What to produce: When you transcribe the listing that follows, keep every line exact and omit the pictures.

______

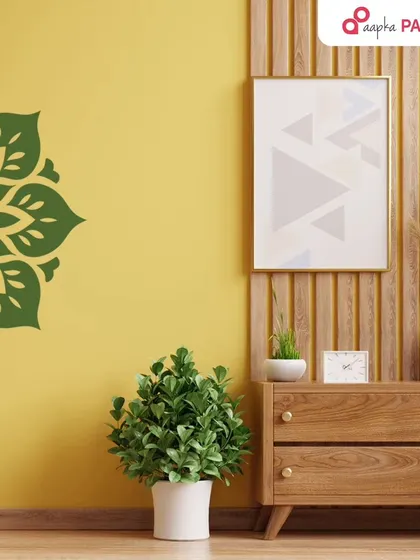 This vibrant yellow wall with a green partial mandala stencil shows how colour and design can work together to create a cheerful and stylish space.
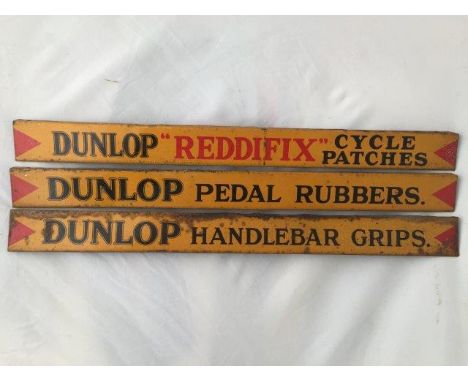 Three Dunlop shelf strips advertising 'Reddifix' Cycle Patches, Pedal Rubbers and Handlebar Grips.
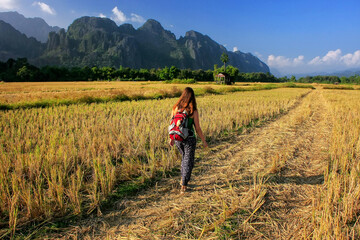 Fototapeta na wymiar Woman walking through harvested rice field in Vang Vieng, Laos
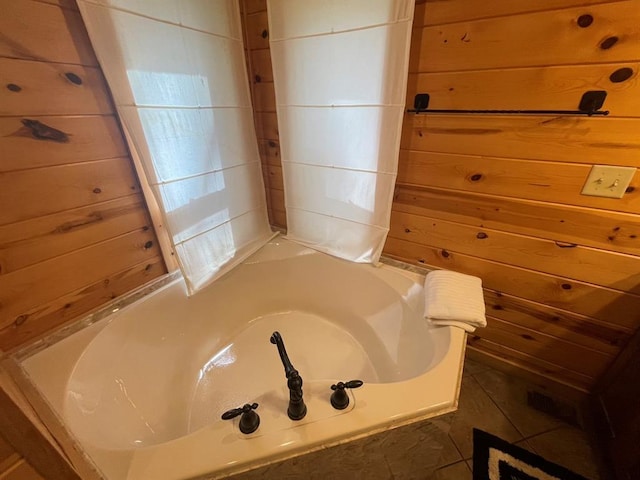 113 Bentwater Rd, Broken Bow, OK 74728 - bathroom with a garden tub and wood walls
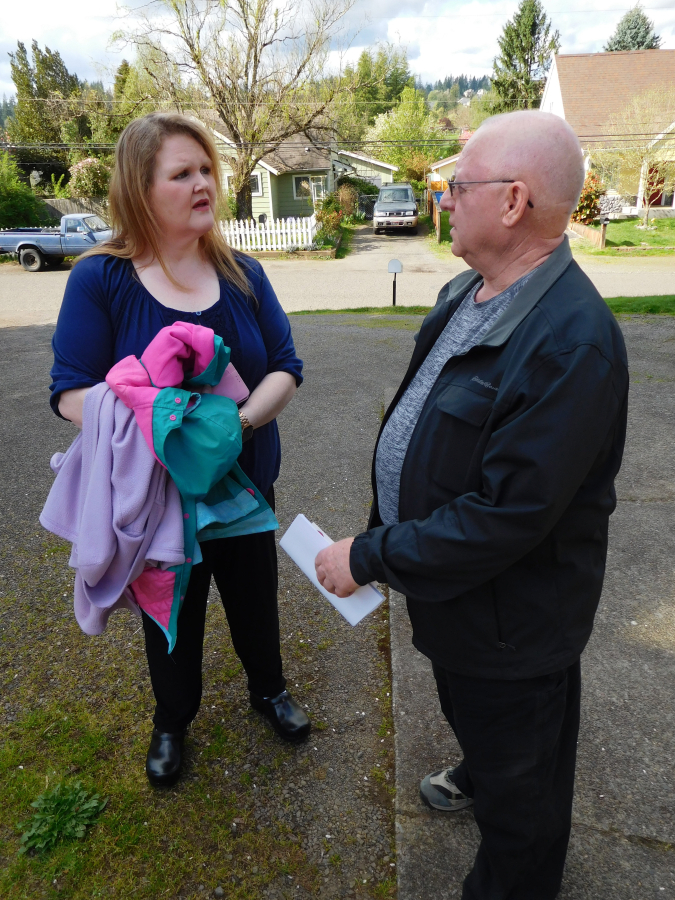 RaeShel Peck chats with one of her neighbors, Leif Leifsen, on the 3400 block of &quot;K&quot; Street, in Washougal.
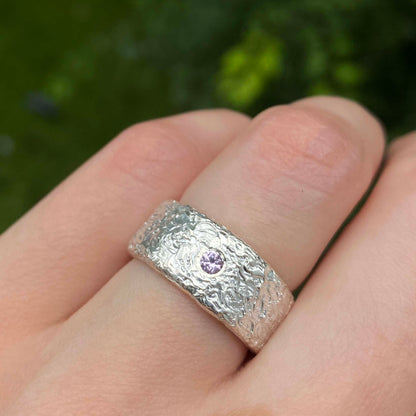 Silver ring with a light pink sapphire gemstone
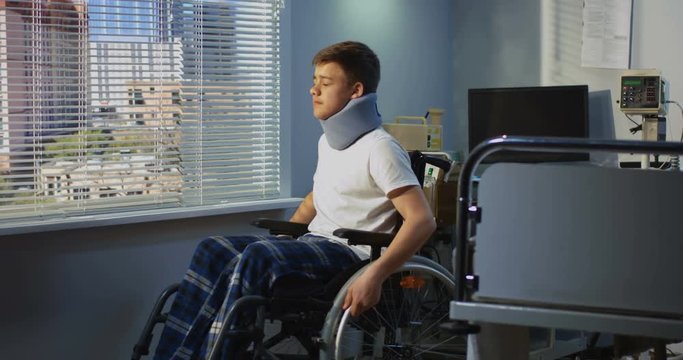 Teenager patient sitting in wheelchair in hospital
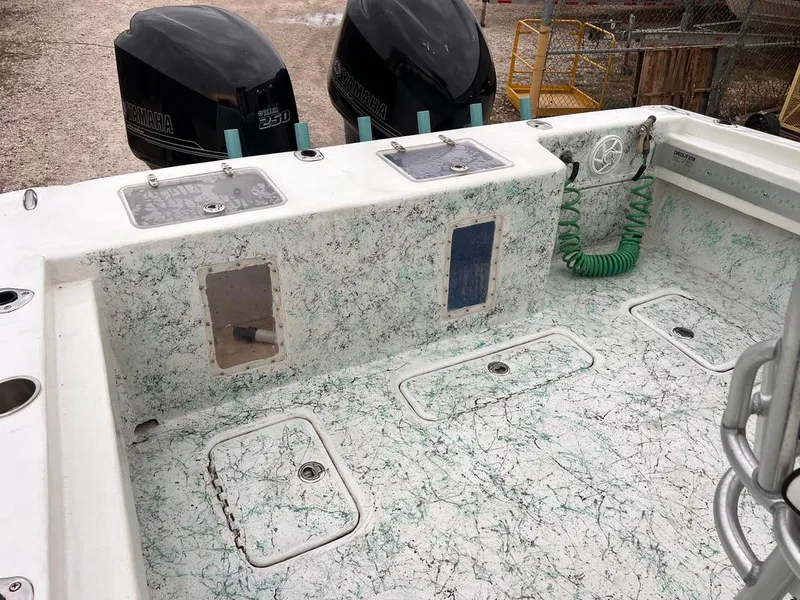 Slide: The Image of 1978 Excalibur 32 boat deck with twin Yamaha 250 engines. - 31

______

Result of this task:
 This vibrant yellow wall with a green partial mandala stencil shows how colour and design can work together to create a cheerful and stylish space.
 Three Dunlop shelf strips advertising 'Reddifix' Cycle Patches, Pedal Rubbers and Handlebar Grips.
 Fototapeta na wymiar Woman walking through harvested rice field in Vang Vieng, Laos
 113 Bentwater Rd, Broken Bow, OK 74728 - bathroom with a garden tub and wood walls
 RaeShel Peck chats with one of her neighbors, Leif Leifsen, on the 3400 block of &quot;K&quot; Street, in Washougal.
 Silver ring with a light pink sapphire gemstone
 Teenager patient sitting in wheelchair in hospital
 Slide: The Image of 1978 Excalibur 32 boat deck with twin Yamaha 250 engines. - 31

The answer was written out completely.